4

I am implementing a simple application that consists of multiple python scripts that run concurrently. The two scripts that run at the same time are the one for parsing data and the one for looking up data in the database. Because of design decisions, I am generating a part of the data. This data isn't saved in the database but in json files. In my parser I save the data like this:

with open('a-1-test.json', 'w') as outfile:
            json.dump(lookup_table, outfile)
        outfile.close()

The parser runs in a loop until a certain condition is met. Meanwhile other scripts reffer to the look-up script to get data from the database (the data that the parser saves). When the other scripts call the look-up script, he first needs to check the lookup table in the json file to determine which data specifically he has to fetch.

while trigger:
time.sleep(10)
with open('a-1-test.json', 'r') as data_file:
    data = json.load(data_file)

for i in data.keys():
    print i, len(data[i])

This might work for some time but I get two types of errors: JSON document not found and ValueError: Unterminated string starting at(...). I guessed this is because there isnt any concurency measurements set when two different scripts try to access the same file. I know that the first error happens because I use 'w' in the parser, where an existing file will be deleted and a new one created, so in the meantime the lookup script won't be bale to see the file.
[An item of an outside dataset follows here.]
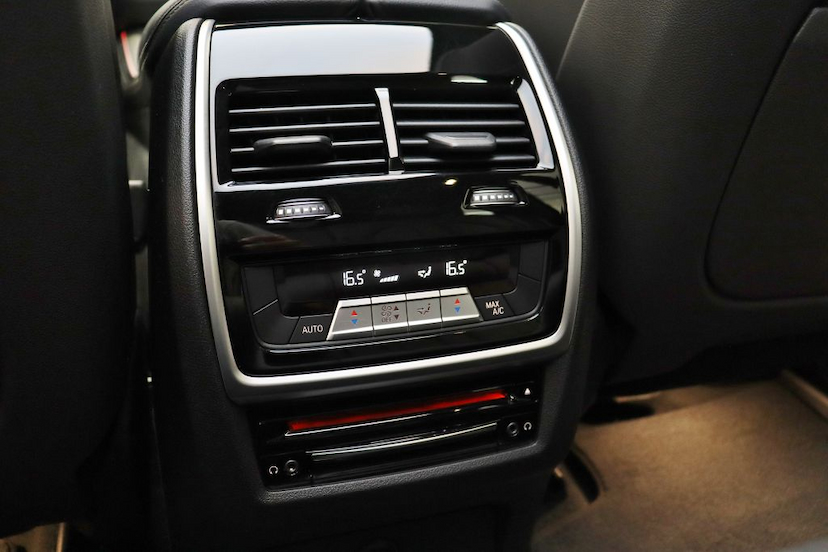 Foto do veículo BMW X5 XDRIVE30D M SPORT 2020 53.570 KM 589.000,00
I wonder what is the best way in python to do this? Any way to put a lock on the file while it is written in, unlock it when finished so the lookup script can read it?

Thank you in advance

Georgi Nikolov
  • 113
  • 3
  • 11
  • I think for your application much easier to use other ways of interprocessor communication, such as sockets for example. Probably this http://stackoverflow.com/questions/6920858/interprocess-communication-in-python will be useful for you. – kvorobiev Apr 03 '15 at 10:34
  • @kvorobiev I understand you can do the same thing with sockets but I don't want to connect to a server or anything as the json file is on the machine itself in the form of a configuration file *.json. I just wonder if there is a way to access it through various scripts using semaphores or something – Georgi Nikolov Apr 03 '15 at 10:54
  • In this case you could use following algorithm in each process: Try to lock file (with some library like lockfile). If you lock file then open , write data, close else wait – kvorobiev Apr 03 '15 at 11:11
  • what if you work with an additional temporary file? – nicolallias Apr 03 '15 at 11:49
  • 1
    @kvorobiev I am testing lockfile right now. Will see if it works well. – Georgi Nikolov Apr 03 '15 at 11:51
  • @nicolallias How would you go around doing that? – Georgi Nikolov Apr 03 '15 at 11:52
  • the idea is that the "writing script" only writes in file A. When the writing loop is done, A is renamed as B. The "reading script" only opens file B. It is not sultanate anymore, but for small files (less than some Megabytes) it will do as well. – nicolallias Apr 03 '15 at 11:56
  • @nicolallias Its not a bad idea, I will try that too. – Georgi Nikolov Apr 03 '15 at 12:01

0 Answers0